Nigeria launches fact finding mission to develop Boko Haram strategy

The Nigerian government is creating a fact finding committee on local Islamist militant group Boko Haram in hopes of putting an end to its attacks in Nigeria's northeast through dialogue.

In late July, the Federal Government of Nigeria announced the creation of a special fact-finding committee on Boko Haram, the Muslim rebel movement in the country’s northeast. This committee was charged with submitting a report that would guide the government’s strategy in dealing with the movement, including the possibility of pursuing dialogue with militants in order to broker a political solution to the conflict.
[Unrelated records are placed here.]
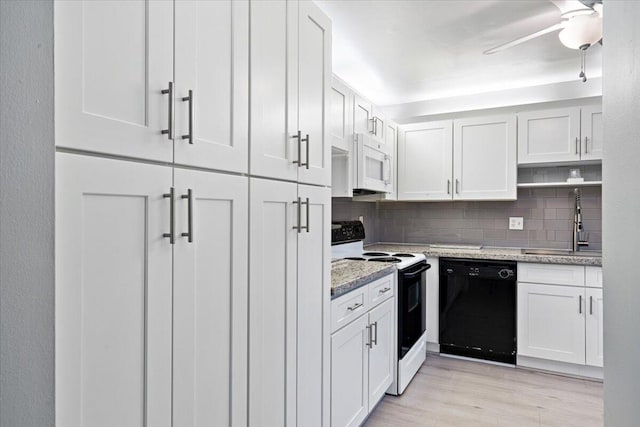 1521 NW 19th Ter Unit 101, Delray Beach, FL 33445 - kitchen with black dishwasher, range with electric cooktop, white microwave, a sink, and decorative backsplash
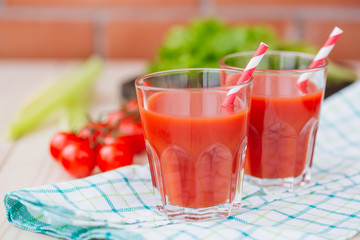Tomato juice in a glass on wooden table. Love for a healthy raw food concept.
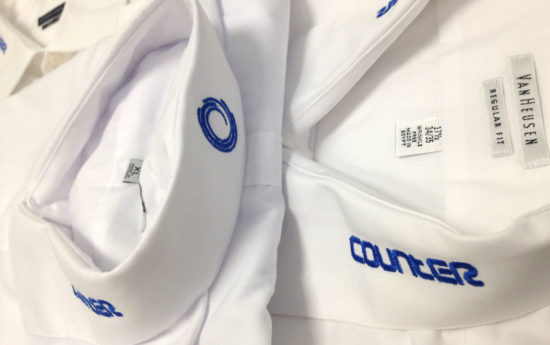Embroidery of white polos for Counter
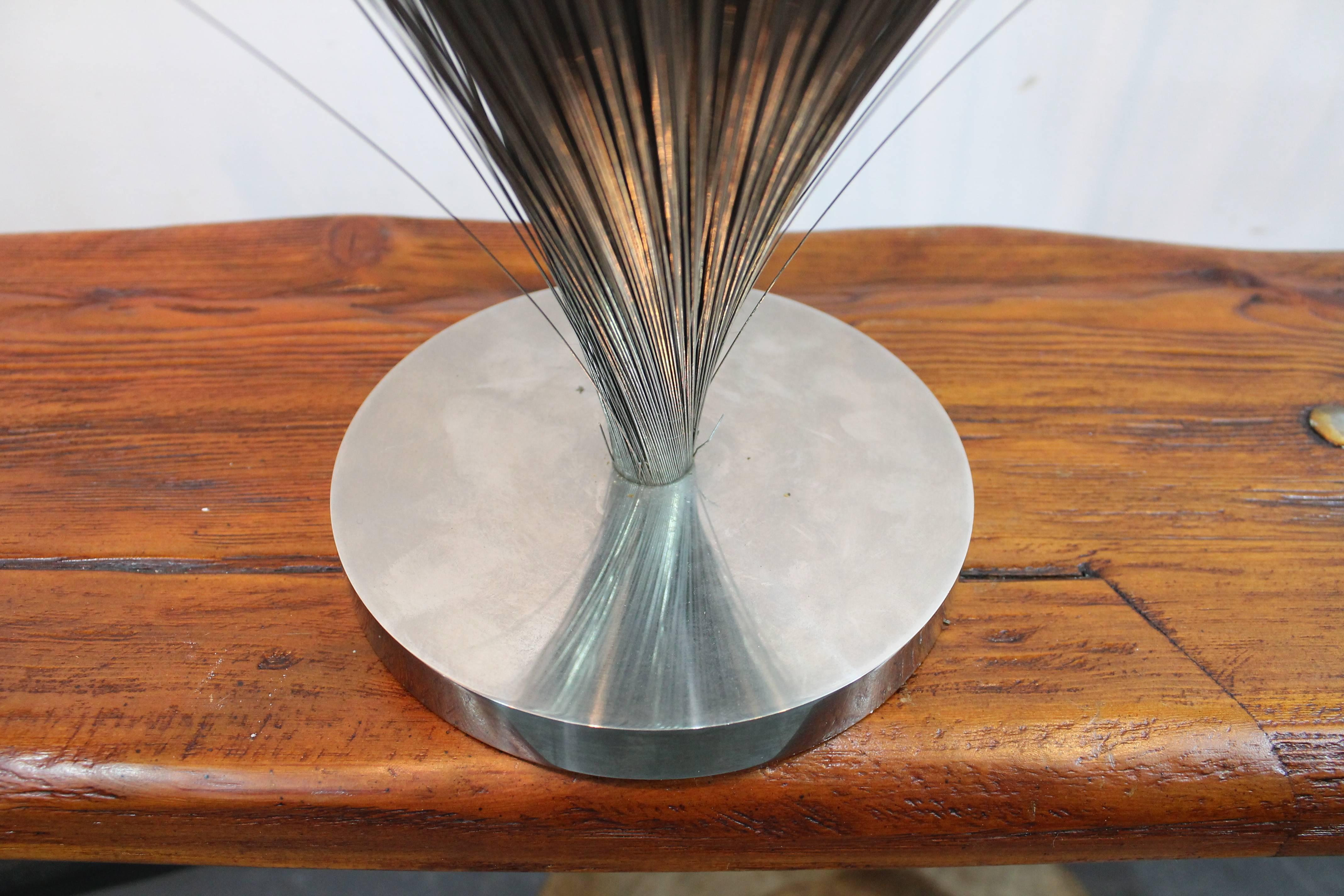 Wonderful iconic mid-20th century spray sculpture after Bertoia by Tom McAllister. Stamped on the bottom McAllister Tanzaz Ca and stamped on the side of the base TMW with a copyright mark.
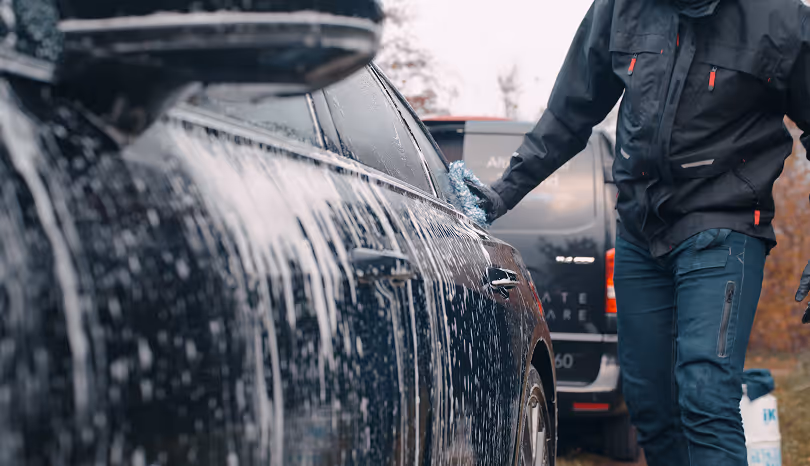 Person der vasker en sort bil dækket af sæbeskum udendørs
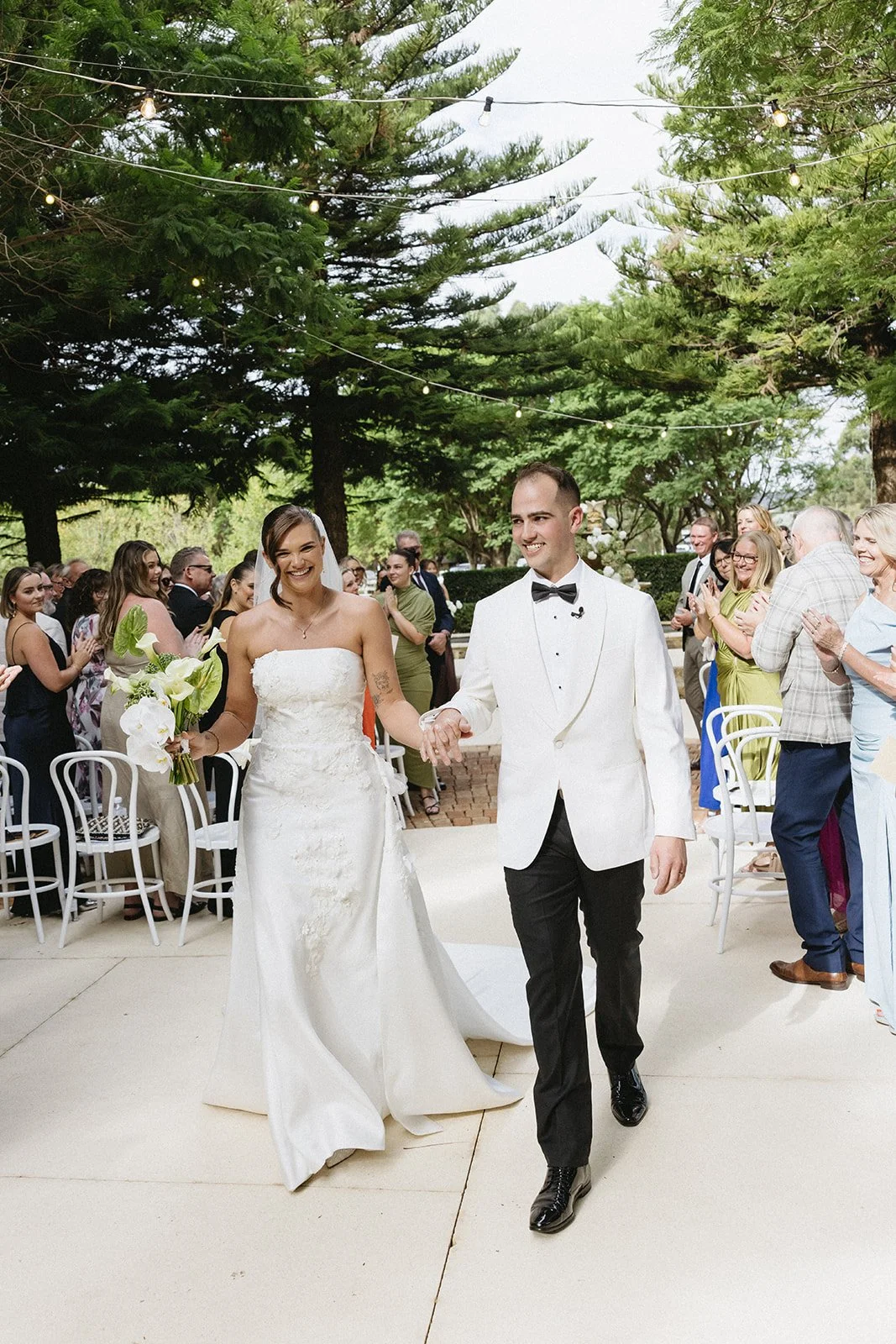 A newlywed couple, the bride in a white strapless wedding gown holding a bouquet, and the groom in a white tuxedo jacket with a bow tie, walking hand in hand down the aisle outdoors. Guests are clapping and celebrating under trees with string lights.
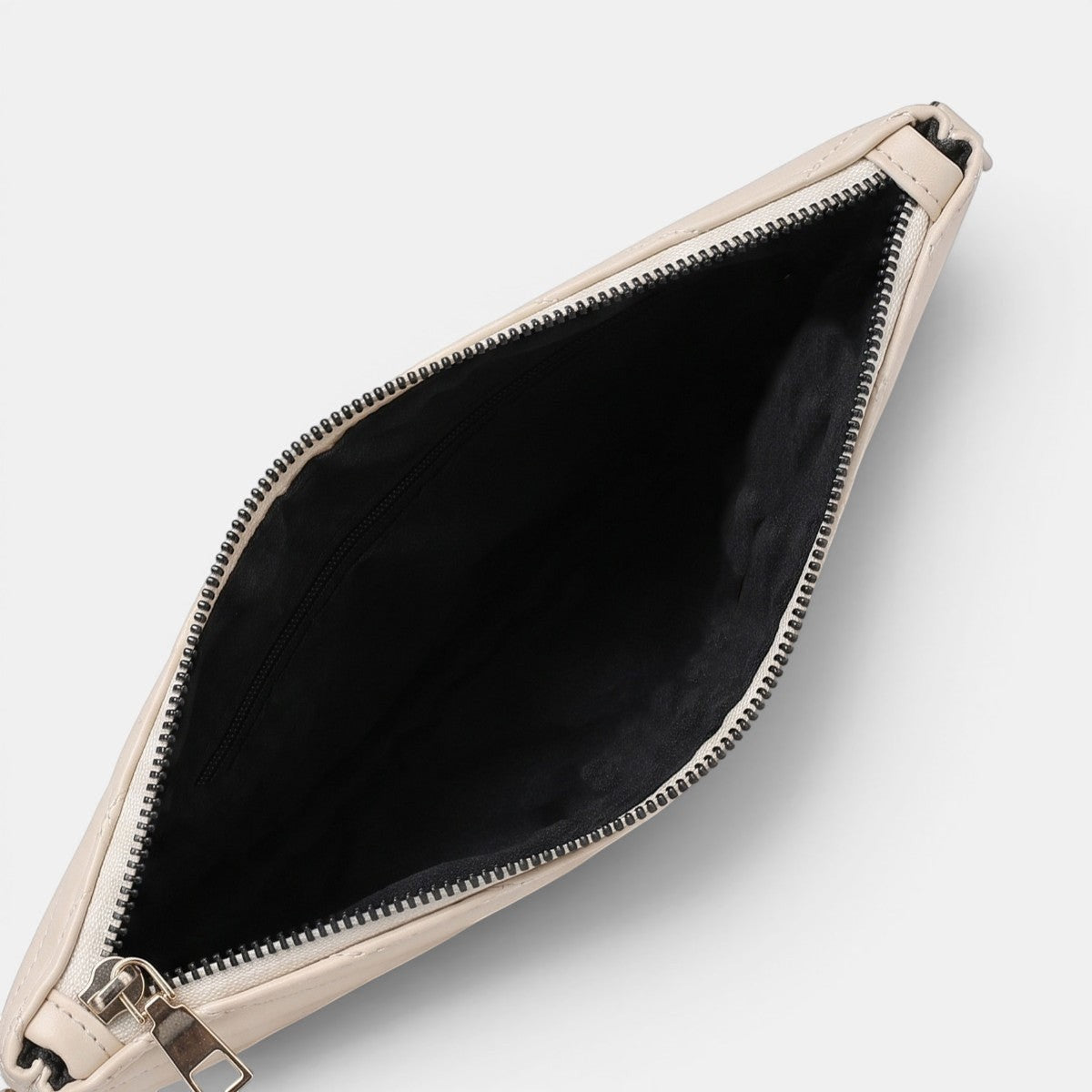 Lederax cream V-quilted faux leather clutch bag with silver hardware and black lining. Versatile design with multiple strap options.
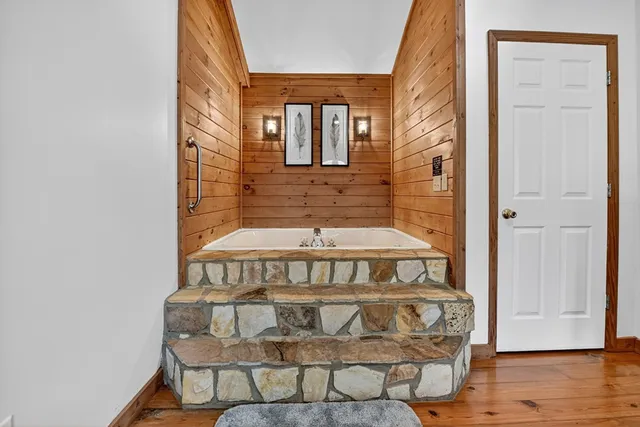 a view of a deck with a floor to ceiling window and a yard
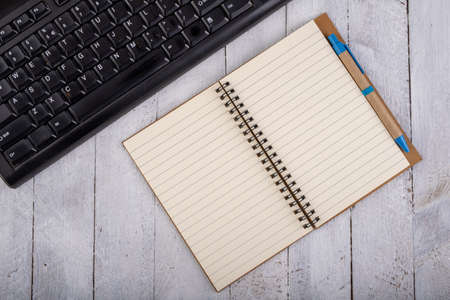 Notebook and computer keyboard on white table. Office accessories for work. Light background.の写真素材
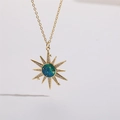 Dettaglio del ciondolo a sole dorato con smalto blu-verde e accenti in zircone lucido - Stile Sole a Raggiera (XL2052)
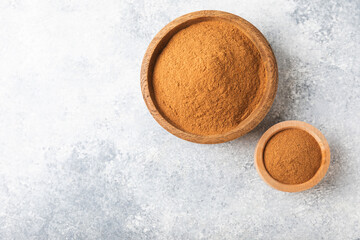 Cinnamon powder in a bowl on a textured wooden background. Spicy spice for baking, desserts and drinks. Fragrant ground cinnamon. Cinnamon stick. Place for text. Copy space.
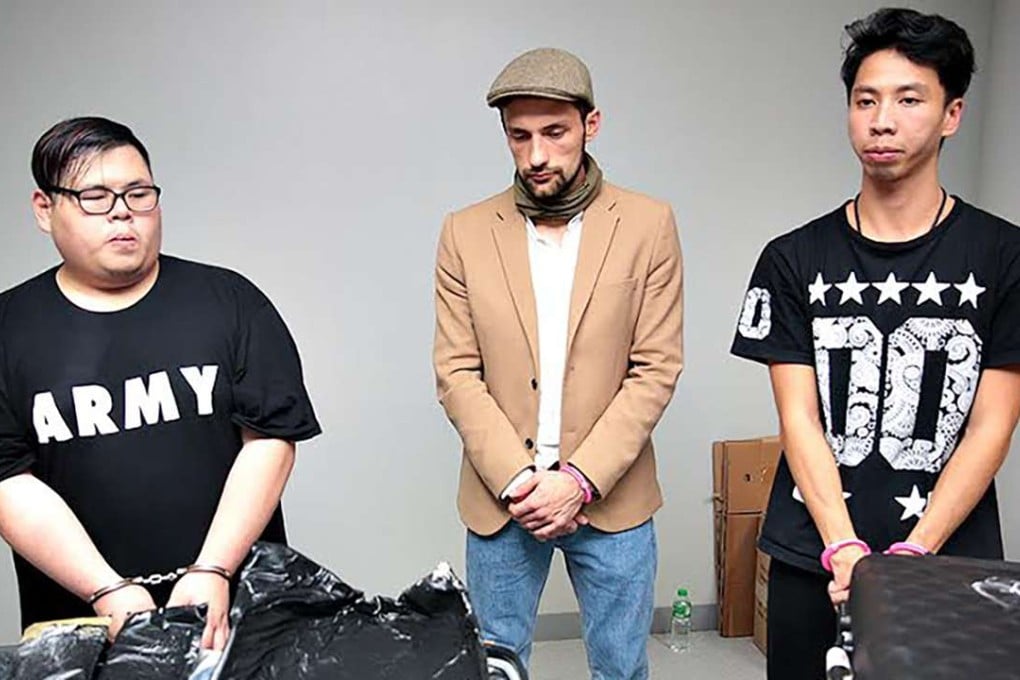 Hong Kong nationals Chan Ka-wai (left) and Evan Pau Ho-man (right) were arrested at Ninoy Aquino International Airport, along with Russian national Yuri Kirdyushkin (centre) on Wednesday. Photo: Manila International Airport Authority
The submission of the final report has been delayed, but the government committee has now submitted an interim report, the contents of which are not yet public. A final, public report is expected soon.

Government officials have tried to manage expectations about a possible dialogue with Boko Haram, but the possibility is still on the table:

[Secretary of Government Anyim Pius] Anyim, at the inauguration of the panel, had said that the government will not negotiate with the Islamist sect Boko Haram, blamed for scores of attacks in the region, but will instead recommend whether talks should be opened.

“This is not a negotiation team,” he said. “It’s a fact-finding team. It’s a forum to identify a solution.”

But Anyim’s office had earlier issued a statement saying the panel’s duties would include acting “as a liaison between the federal government… and Boko Haram and to initiate negotiations with the sect.”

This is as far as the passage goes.